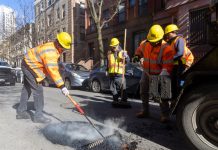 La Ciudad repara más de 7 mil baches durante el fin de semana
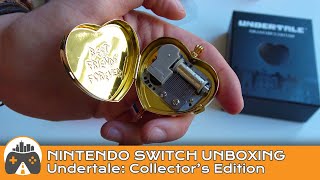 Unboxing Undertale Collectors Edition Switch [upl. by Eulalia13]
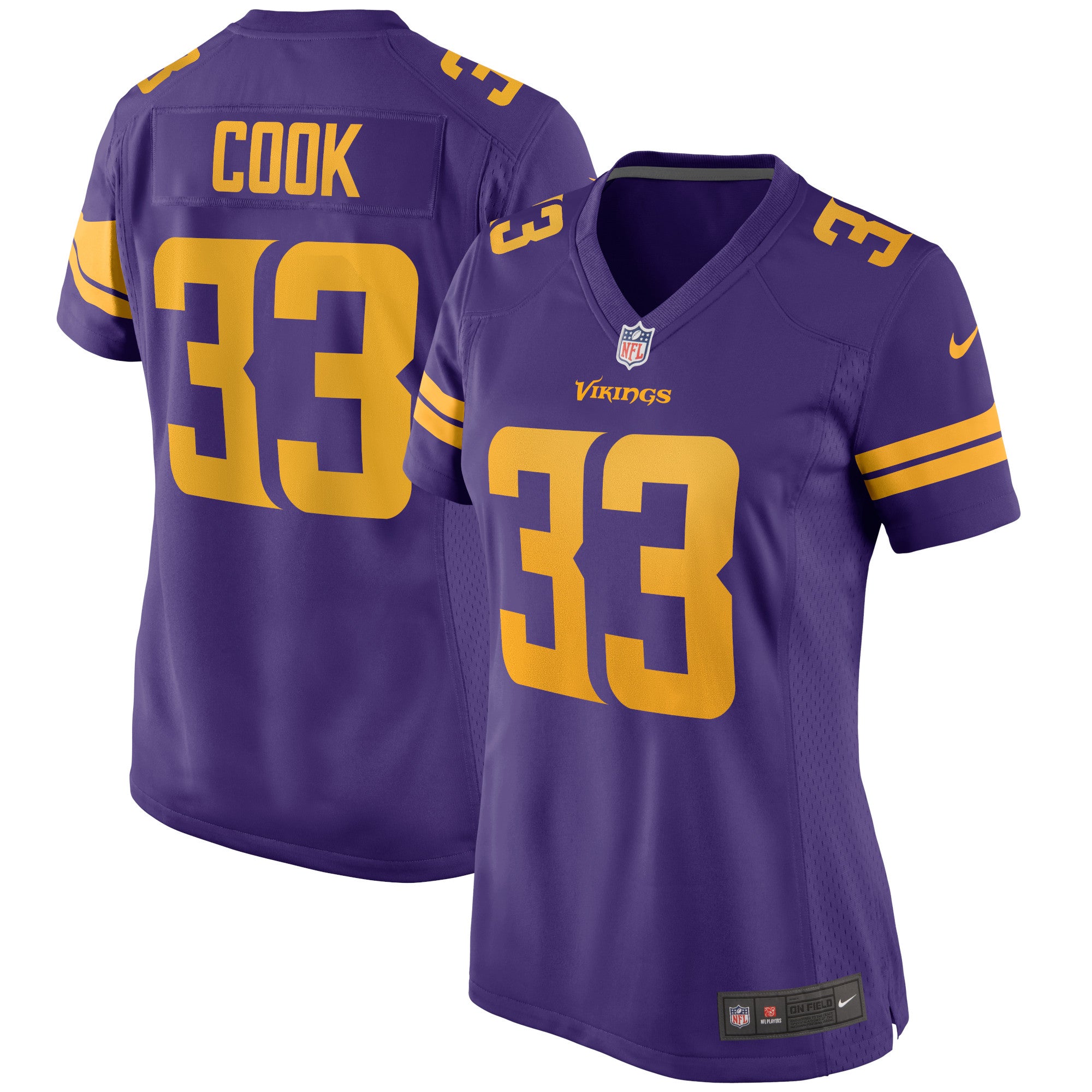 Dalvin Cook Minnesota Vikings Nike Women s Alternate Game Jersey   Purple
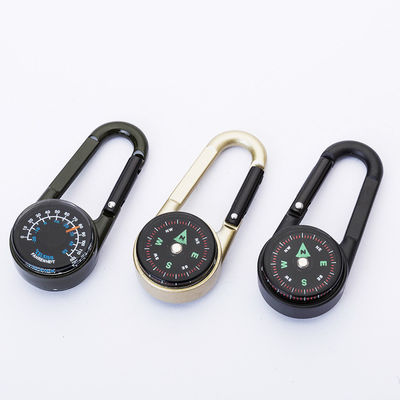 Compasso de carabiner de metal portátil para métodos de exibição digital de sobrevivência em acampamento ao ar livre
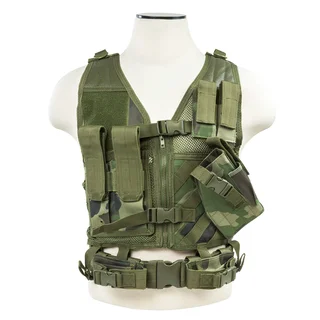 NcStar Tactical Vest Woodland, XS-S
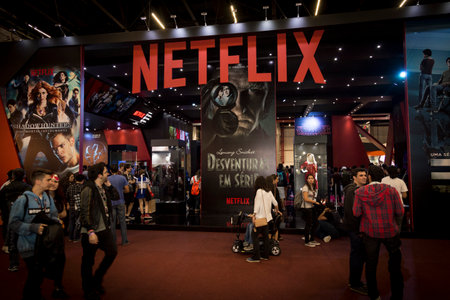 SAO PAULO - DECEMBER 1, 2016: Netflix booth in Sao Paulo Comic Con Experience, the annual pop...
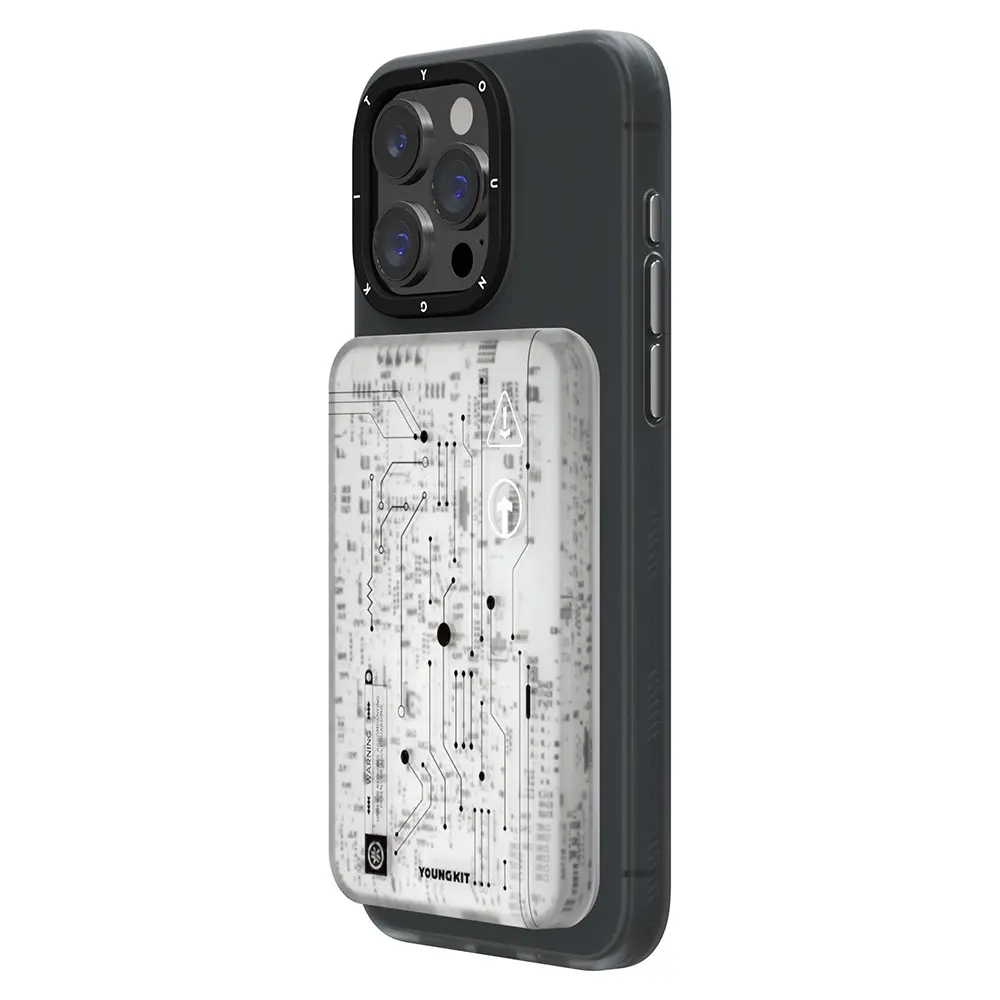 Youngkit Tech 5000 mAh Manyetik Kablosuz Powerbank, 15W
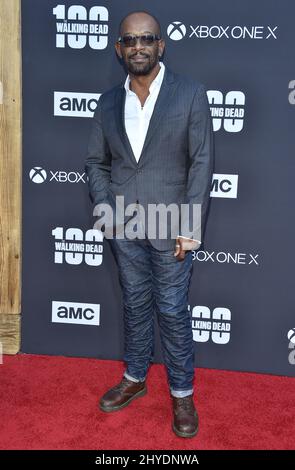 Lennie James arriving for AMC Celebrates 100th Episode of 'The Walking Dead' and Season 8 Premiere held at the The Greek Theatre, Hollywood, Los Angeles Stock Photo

## Action item
Include the first line of the records, the line containing "Compasso de carabiner", and every line between them, repeated exactly. Skip the pictures.

## Answer section
 La Ciudad repara más de 7 mil baches durante el fin de semana
 Unboxing Undertale Collectors Edition Switch [upl. by Eulalia13]
 Dalvin Cook Minnesota Vikings Nike Women s Alternate Game Jersey   Purple
 Compasso de carabiner de metal portátil para métodos de exibição digital de sobrevivência em acampamento ao ar livre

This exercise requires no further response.